Thanks to WADE !
Aretha reaches for Gospel.
"WITH HER SOARING VOICE and sometimes fiery abandon, Aretha Franklin has had a long, variable but frequently incandescent career. She's been a queen of soul, she's sung jazz and the blues, but the basis of her style has been gospel music (...)
Gospel is at the root of many black singers' styles, from blues and soul shouters to opera divas (surely Mahalia Jackson would have been a great opera singer if she had come along after the desegregation of the operatic stage). But Miss Franklin comes by her affinities to gospel even more directly than being part of a church congregation. Her father, the late Rev. C. L. Franklin, was a longtime preacher and gospel singer in Detroit, as well as an early leader in the civil rights movement. Miss Franklin grew up in his church, and made her first recordings as a 14-year-old gospel singer on Chess Records in 1956. For ''Amazing Grace,'' she appeared at the New Temple Missionary Baptist Church in Los Angeles (...)

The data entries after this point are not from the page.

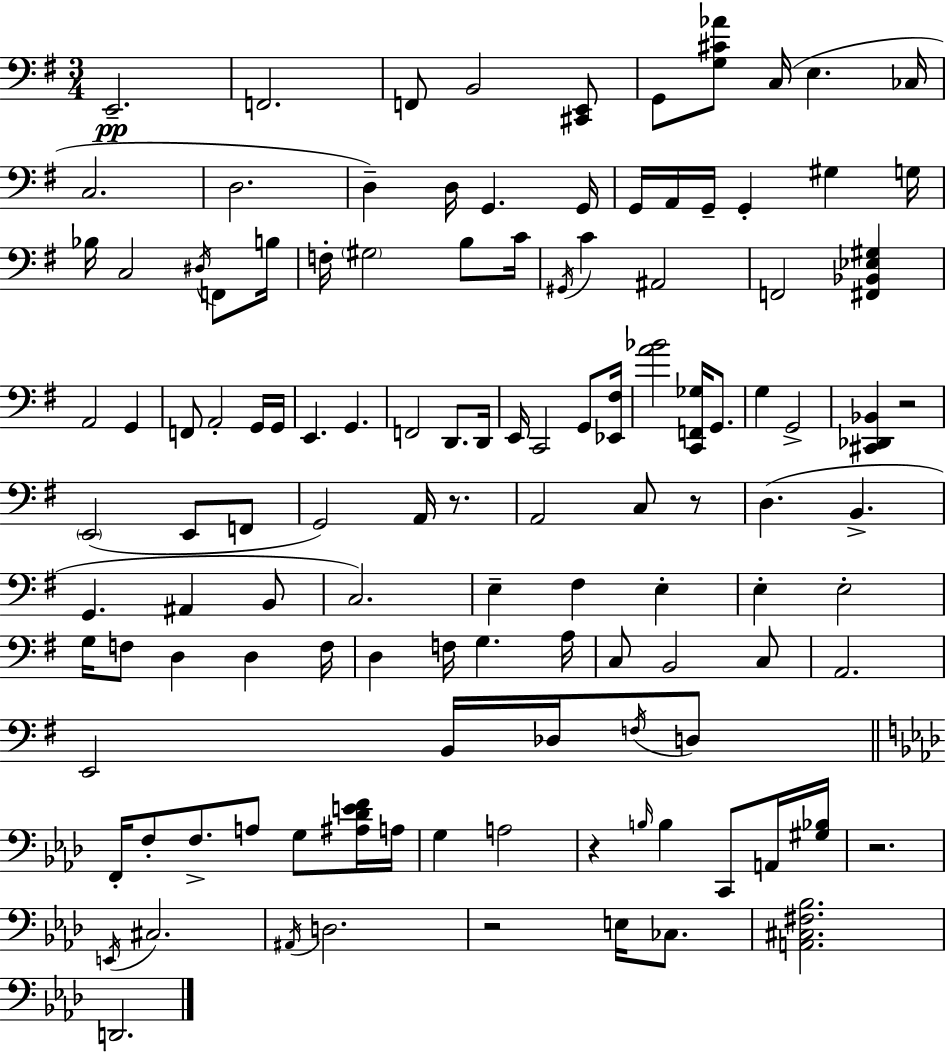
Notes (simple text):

E2/h. F2/h. F2/e B2/h [C#2,E2]/e G2/e [G3,C#4,Ab4]/e C3/s E3/q. CES3/s C3/h. D3/h. D3/q D3/s G2/q. G2/s G2/s A2/s G2/s G2/q G#3/q G3/s Bb3/s C3/h D#3/s F2/e B3/s F3/s G#3/h B3/e C4/s G#2/s C4/q A#2/h F2/h [F#2,Bb2,Eb3,G#3]/q A2/h G2/q F2/e A2/h G2/s G2/s E2/q. G2/q. F2/h D2/e. D2/s E2/s C2/h G2/e [Eb2,F#3]/s [A4,Bb4]/h [C2,F2,Gb3]/s G2/e. G3/q G2/h [C#2,Db2,Bb2]/q R/h E2/h E2/e F2/e G2/h A2/s R/e. A2/h C3/e R/e D3/q. B2/q. G2/q. A#2/q B2/e C3/h. E3/q F#3/q E3/q E3/q E3/h G3/s F3/e D3/q D3/q F3/s D3/q F3/s G3/q. A3/s C3/e B2/h C3/e A2/h. E2/h B2/s Db3/s F3/s D3/e F2/s F3/e F3/e. A3/e G3/e [A#3,Db4,E4,F4]/s A3/s G3/q A3/h R/q B3/s B3/q C2/e A2/s [G#3,Bb3]/s R/h. E2/s C#3/h. A#2/s D3/h. R/h E3/s CES3/e. [A2,C#3,F#3,Bb3]/h. D2/h.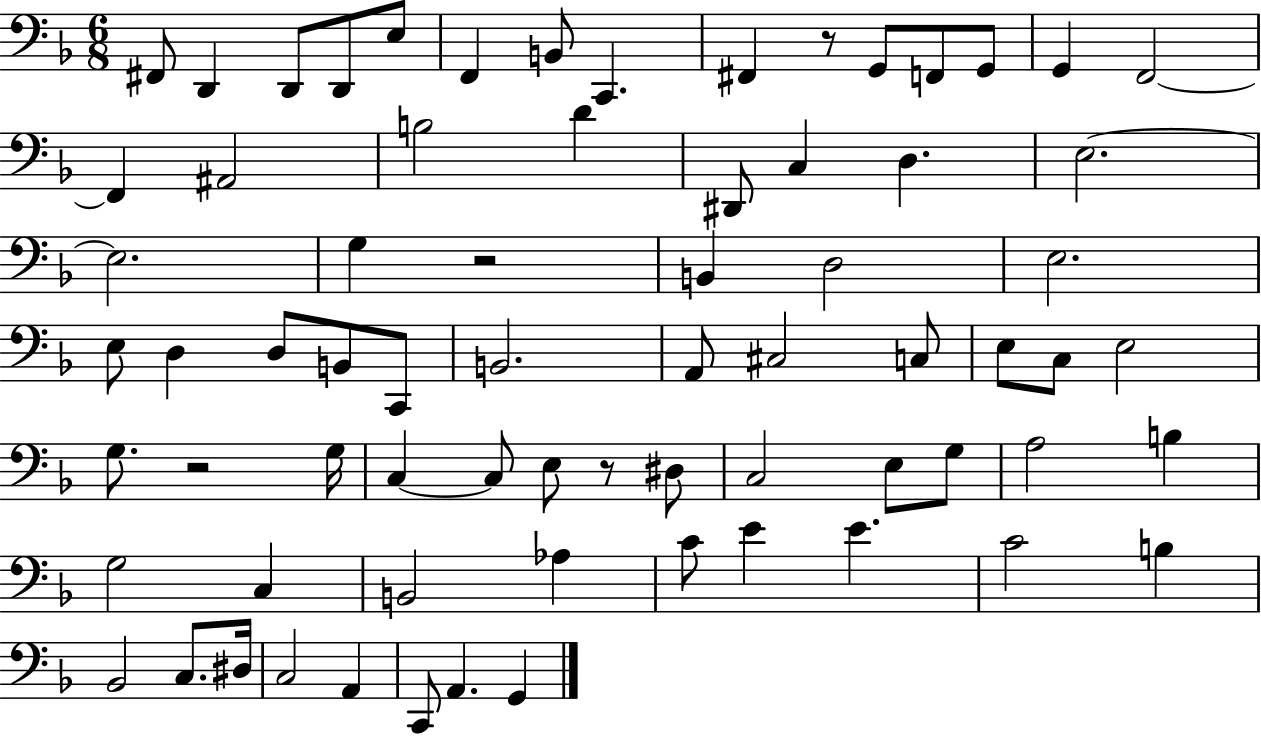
{
  \clef bass
  \numericTimeSignature
  \time 6/8
  \key f \major
  \repeat volta 2 { fis,8 d,4 d,8 d,8 e8 | f,4 b,8 c,4. | fis,4 r8 g,8 f,8 g,8 | g,4 f,2~~ | \break f,4 ais,2 | b2 d'4 | dis,8 c4 d4. | e2.~~ | \break e2. | g4 r2 | b,4 d2 | e2. | \break e8 d4 d8 b,8 c,8 | b,2. | a,8 cis2 c8 | e8 c8 e2 | \break g8. r2 g16 | c4~~ c8 e8 r8 dis8 | c2 e8 g8 | a2 b4 | \break g2 c4 | b,2 aes4 | c'8 e'4 e'4. | c'2 b4 | \break bes,2 c8. dis16 | c2 a,4 | c,8 a,4. g,4 | } \bar "|."
}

What distinguished Miss Franklin from other women gospel singers was, above all, the sheer power of her voice, its high belting chest register pushed into the soprano range without the operatic tonal roundness of a trained soprano extension. This is not mere technical gibberish: It defines a way of singing common to most popular vocalists in our time. But Miss Franklin did it better than almost anyone. And unlike some, she has an upper extension, but she uses it for coloration, mostly in soft singing, not for sustained high passages or surging climaxes. (...)"
John ROCKWELL, 1987, NY Times.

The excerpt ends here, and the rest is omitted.